----- DATA UNDER STUDY

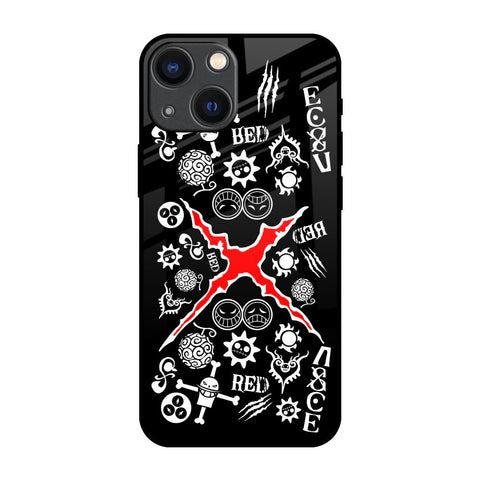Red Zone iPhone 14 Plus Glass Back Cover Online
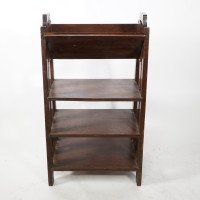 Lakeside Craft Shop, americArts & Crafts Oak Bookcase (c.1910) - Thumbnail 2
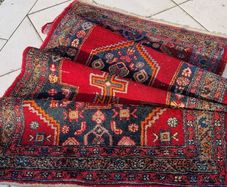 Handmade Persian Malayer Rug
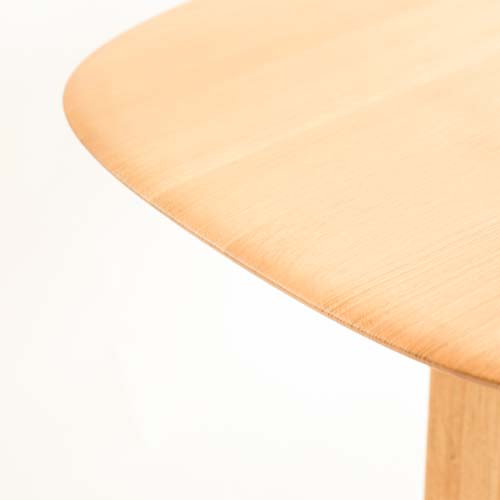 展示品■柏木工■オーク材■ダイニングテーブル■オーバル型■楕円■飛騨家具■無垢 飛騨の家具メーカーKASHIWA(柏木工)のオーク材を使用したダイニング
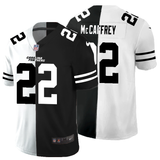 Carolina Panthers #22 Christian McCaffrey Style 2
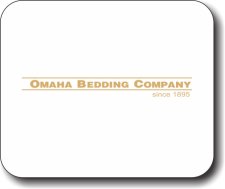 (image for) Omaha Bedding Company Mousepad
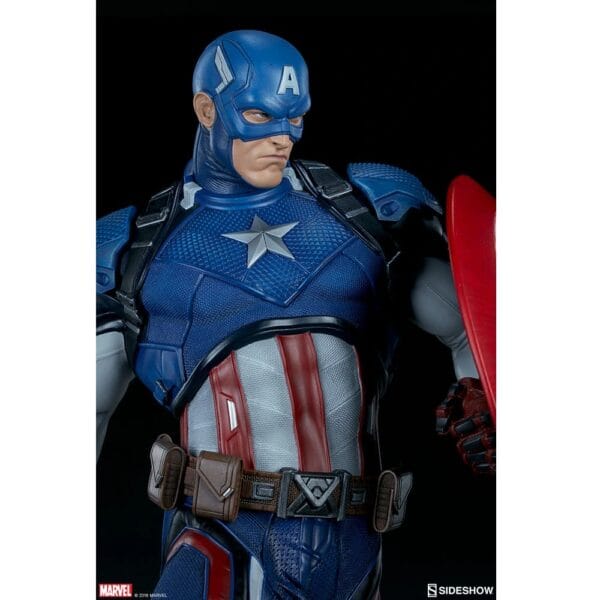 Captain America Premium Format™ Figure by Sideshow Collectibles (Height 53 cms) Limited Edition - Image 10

----------
----- DATA UNDER STUDY

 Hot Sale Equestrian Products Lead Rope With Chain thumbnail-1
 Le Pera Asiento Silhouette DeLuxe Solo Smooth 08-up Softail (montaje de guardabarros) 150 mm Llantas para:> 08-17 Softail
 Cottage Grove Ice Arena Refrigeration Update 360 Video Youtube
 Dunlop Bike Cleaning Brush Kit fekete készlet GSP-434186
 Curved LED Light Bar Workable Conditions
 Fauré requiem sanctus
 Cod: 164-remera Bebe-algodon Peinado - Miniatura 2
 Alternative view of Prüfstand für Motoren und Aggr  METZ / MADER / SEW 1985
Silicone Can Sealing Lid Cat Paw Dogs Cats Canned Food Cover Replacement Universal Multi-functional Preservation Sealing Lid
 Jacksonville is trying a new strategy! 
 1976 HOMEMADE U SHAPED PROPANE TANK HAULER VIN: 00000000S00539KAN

----------

> TO DO:
The lines to extract from the data above begin with the line containing "Cod: 164-remera Bebe-algodon" and end with the line containing "1976 HOMEMADE U". Extract them exactly, including both.

> WRITTEN SOLUTION:
 Cod: 164-remera Bebe-algodon Peinado - Miniatura 2
 Alternative view of Prüfstand für Motoren und Aggr  METZ / MADER / SEW 1985
Silicone Can Sealing Lid Cat Paw Dogs Cats Canned Food Cover Replacement Universal Multi-functional Preservation Sealing Lid
 Jacksonville is trying a new strategy! 
 1976 HOMEMADE U SHAPED PROPANE TANK HAULER VIN: 00000000S00539KAN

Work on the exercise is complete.